§ **Task objective**
All of the entries are to be written out again verbatim.
---- Entries supplied
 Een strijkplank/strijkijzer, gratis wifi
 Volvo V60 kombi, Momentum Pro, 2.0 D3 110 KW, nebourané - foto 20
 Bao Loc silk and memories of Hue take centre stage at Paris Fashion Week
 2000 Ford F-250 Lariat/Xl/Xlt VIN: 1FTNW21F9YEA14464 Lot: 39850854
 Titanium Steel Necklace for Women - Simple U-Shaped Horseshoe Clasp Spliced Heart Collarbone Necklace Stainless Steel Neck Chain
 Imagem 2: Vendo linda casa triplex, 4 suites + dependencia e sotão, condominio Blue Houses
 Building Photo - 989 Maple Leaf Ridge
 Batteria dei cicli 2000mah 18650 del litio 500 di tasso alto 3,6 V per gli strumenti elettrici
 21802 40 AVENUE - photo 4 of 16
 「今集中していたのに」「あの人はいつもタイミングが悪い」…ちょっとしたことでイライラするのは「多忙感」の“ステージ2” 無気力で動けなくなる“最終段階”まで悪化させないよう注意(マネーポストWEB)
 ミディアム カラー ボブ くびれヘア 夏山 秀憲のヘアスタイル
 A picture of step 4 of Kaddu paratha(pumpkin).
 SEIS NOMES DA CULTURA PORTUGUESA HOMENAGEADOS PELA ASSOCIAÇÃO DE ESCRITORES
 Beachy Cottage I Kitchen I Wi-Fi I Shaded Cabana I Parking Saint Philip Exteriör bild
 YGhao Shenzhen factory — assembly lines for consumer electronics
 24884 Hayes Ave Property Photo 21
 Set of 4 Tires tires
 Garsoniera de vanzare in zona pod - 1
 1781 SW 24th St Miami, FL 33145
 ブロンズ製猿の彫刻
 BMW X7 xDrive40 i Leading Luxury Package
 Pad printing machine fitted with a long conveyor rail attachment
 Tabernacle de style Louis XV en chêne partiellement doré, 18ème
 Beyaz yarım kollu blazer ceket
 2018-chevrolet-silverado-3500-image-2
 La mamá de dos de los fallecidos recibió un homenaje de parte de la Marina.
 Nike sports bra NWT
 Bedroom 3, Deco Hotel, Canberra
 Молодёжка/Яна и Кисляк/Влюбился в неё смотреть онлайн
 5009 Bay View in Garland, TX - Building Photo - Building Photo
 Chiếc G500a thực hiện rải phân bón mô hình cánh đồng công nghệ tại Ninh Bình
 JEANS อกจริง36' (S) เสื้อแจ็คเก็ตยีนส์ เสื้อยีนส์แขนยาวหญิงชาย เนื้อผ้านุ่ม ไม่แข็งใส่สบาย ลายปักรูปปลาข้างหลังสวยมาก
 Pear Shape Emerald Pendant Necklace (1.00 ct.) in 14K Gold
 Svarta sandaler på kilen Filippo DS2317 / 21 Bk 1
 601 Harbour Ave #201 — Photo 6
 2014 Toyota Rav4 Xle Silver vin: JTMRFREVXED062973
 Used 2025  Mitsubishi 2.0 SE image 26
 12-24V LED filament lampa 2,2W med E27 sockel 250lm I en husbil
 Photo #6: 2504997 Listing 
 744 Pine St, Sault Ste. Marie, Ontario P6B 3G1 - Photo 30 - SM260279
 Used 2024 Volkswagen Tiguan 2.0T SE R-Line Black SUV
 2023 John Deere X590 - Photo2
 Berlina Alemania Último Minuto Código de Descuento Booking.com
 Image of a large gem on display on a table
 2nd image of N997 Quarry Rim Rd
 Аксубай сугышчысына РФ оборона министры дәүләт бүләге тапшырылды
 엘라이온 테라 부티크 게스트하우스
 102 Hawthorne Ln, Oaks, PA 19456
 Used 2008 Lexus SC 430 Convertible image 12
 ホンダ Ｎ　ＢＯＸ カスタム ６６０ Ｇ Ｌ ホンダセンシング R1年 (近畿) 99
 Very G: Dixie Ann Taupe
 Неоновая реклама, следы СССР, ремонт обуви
--------
§ **Solution to this exercise**
 Een strijkplank/strijkijzer, gratis wifi
 Volvo V60 kombi, Momentum Pro, 2.0 D3 110 KW, nebourané - foto 20
 Bao Loc silk and memories of Hue take centre stage at Paris Fashion Week
 2000 Ford F-250 Lariat/Xl/Xlt VIN: 1FTNW21F9YEA14464 Lot: 39850854
 Titanium Steel Necklace for Women - Simple U-Shaped Horseshoe Clasp Spliced Heart Collarbone Necklace Stainless Steel Neck Chain
 Imagem 2: Vendo linda casa triplex, 4 suites + dependencia e sotão, condominio Blue Houses
 Building Photo - 989 Maple Leaf Ridge
 Batteria dei cicli 2000mah 18650 del litio 500 di tasso alto 3,6 V per gli strumenti elettrici
 21802 40 AVENUE - photo 4 of 16
 「今集中していたのに」「あの人はいつもタイミングが悪い」…ちょっとしたことでイライラするのは「多忙感」の“ステージ2” 無気力で動けなくなる“最終段階”まで悪化させないよう注意(マネーポストWEB)
 ミディアム カラー ボブ くびれヘア 夏山 秀憲のヘアスタイル
 A picture of step 4 of Kaddu paratha(pumpkin).
 SEIS NOMES DA CULTURA PORTUGUESA HOMENAGEADOS PELA ASSOCIAÇÃO DE ESCRITORES
 Beachy Cottage I Kitchen I Wi-Fi I Shaded Cabana I Parking Saint Philip Exteriör bild
 YGhao Shenzhen factory — assembly lines for consumer electronics
 24884 Hayes Ave Property Photo 21
 Set of 4 Tires tires
 Garsoniera de vanzare in zona pod - 1
 1781 SW 24th St Miami, FL 33145
 ブロンズ製猿の彫刻
 BMW X7 xDrive40 i Leading Luxury Package
 Pad printing machine fitted with a long conveyor rail attachment
 Tabernacle de style Louis XV en chêne partiellement doré, 18ème
 Beyaz yarım kollu blazer ceket
 2018-chevrolet-silverado-3500-image-2
 La mamá de dos de los fallecidos recibió un homenaje de parte de la Marina.
 Nike sports bra NWT
 Bedroom 3, Deco Hotel, Canberra
 Молодёжка/Яна и Кисляк/Влюбился в неё смотреть онлайн
 5009 Bay View in Garland, TX - Building Photo - Building Photo
 Chiếc G500a thực hiện rải phân bón mô hình cánh đồng công nghệ tại Ninh Bình
 JEANS อกจริง36' (S) เสื้อแจ็คเก็ตยีนส์ เสื้อยีนส์แขนยาวหญิงชาย เนื้อผ้านุ่ม ไม่แข็งใส่สบาย ลายปักรูปปลาข้างหลังสวยมาก
 Pear Shape Emerald Pendant Necklace (1.00 ct.) in 14K Gold
 Svarta sandaler på kilen Filippo DS2317 / 21 Bk 1
 601 Harbour Ave #201 — Photo 6
 2014 Toyota Rav4 Xle Silver vin: JTMRFREVXED062973
 Used 2025  Mitsubishi 2.0 SE image 26
 12-24V LED filament lampa 2,2W med E27 sockel 250lm I en husbil
 Photo #6: 2504997 Listing 
 744 Pine St, Sault Ste. Marie, Ontario P6B 3G1 - Photo 30 - SM260279
 Used 2024 Volkswagen Tiguan 2.0T SE R-Line Black SUV
 2023 John Deere X590 - Photo2
 Berlina Alemania Último Minuto Código de Descuento Booking.com
 Image of a large gem on display on a table
 2nd image of N997 Quarry Rim Rd
 Аксубай сугышчысына РФ оборона министры дәүләт бүләге тапшырылды
 엘라이온 테라 부티크 게스트하우스
 102 Hawthorne Ln, Oaks, PA 19456
 Used 2008 Lexus SC 430 Convertible image 12
 ホンダ Ｎ　ＢＯＸ カスタム ６６０ Ｇ Ｌ ホンダセンシング R1年 (近畿) 99
 Very G: Dixie Ann Taupe
 Неоновая реклама, следы СССР, ремонт обуви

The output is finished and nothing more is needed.